The Mahabharata is an Indo-Aryan epic about the dynastic struggle by Pandavas & the Kauravas for the throne of the Kingdom of the Kuru, held by Dhtrarastra, the blind king of the Kauravas.

The Bhagavad Gita, (the Song of Bhagavan - God), appears just before the climatic war between the two parties; and is of central importance in questions of ethics & moksha (liberation).

In it Dhtrarastra, the blind King of Kauravas asks for a report from Sanjaya his chief minister who has the gift of seeing at a distance:

The first couplet of the first chapter of the Bhagavad Gita is:

[Dhtrarastra said]:

In the Kingdom of the Kurus, the land of Dharma War-like stand

My men and the Sons of Pandu; what did they do next, O Sanjaya?

What does Dharma stand for in the context of the Gita? I can discern three major concerns:

  1. Arjuna questioning the consequences of the impending war in the first chapter - The Grief of Arjuna

  2. Krishna counselling Arjuna on his duty as a warrior, and

  3. and on moksha (religion).

The ethical dilemma in the Gita relates to the first two.

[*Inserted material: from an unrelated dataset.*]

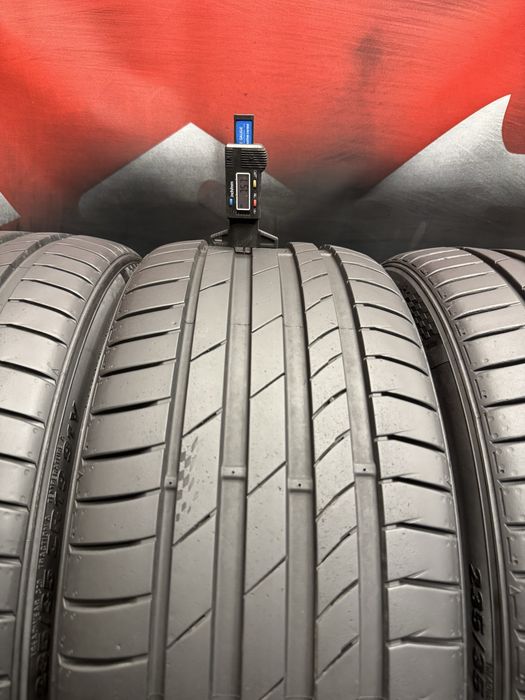 235 35 19, Летни гуми, Kumho EcstaPS71, 4 броя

Thus Dharma as what is right, righteousness; and Dharmas as duty, here as war; thus right vs might and Dharma encapsulates both senses.

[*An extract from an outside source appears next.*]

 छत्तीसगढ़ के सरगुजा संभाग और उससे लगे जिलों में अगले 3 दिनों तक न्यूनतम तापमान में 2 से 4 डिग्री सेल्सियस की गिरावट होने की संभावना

At least as I understand it.

Aesthetically, this combination of meanings reminds me of the Sublime which combines the Beautiful/Good with the Terrible/Majesty.

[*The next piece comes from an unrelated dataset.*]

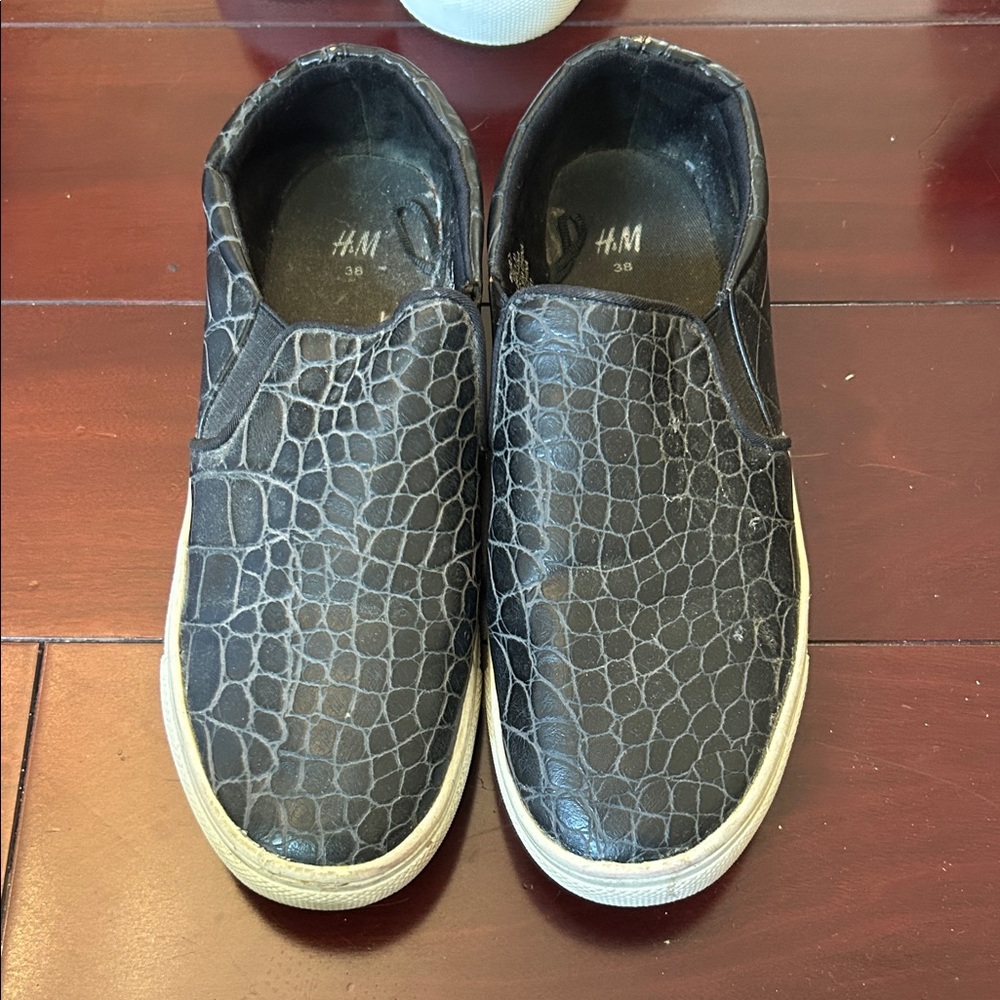 H&M Black Textured Women’s  Loafers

Is this the best way to understand Dharma in this first couplet in the context of the Gita as a whole?

2 Answers 2


In the preface to his translation of the Gita, Swami Nikhilananda says "There are many who regard the story behind the Gita not as historical fact but as allegory. To them Arjuna represents the individual soul, and Sri Krishna the Supreme Soul dwelling in every heart. Arjuna's chariot is the body. The blind King Dhirtarashtra is the mind under the spell of ignorance, and his hundred sons are man's numerous evil tendencies. The battle, a perennial one, is ever going on between the power of good and the power of evil. The warrior who listens to the advice of the Lord speaking from within will triumph in this battle and attain the Highest Good."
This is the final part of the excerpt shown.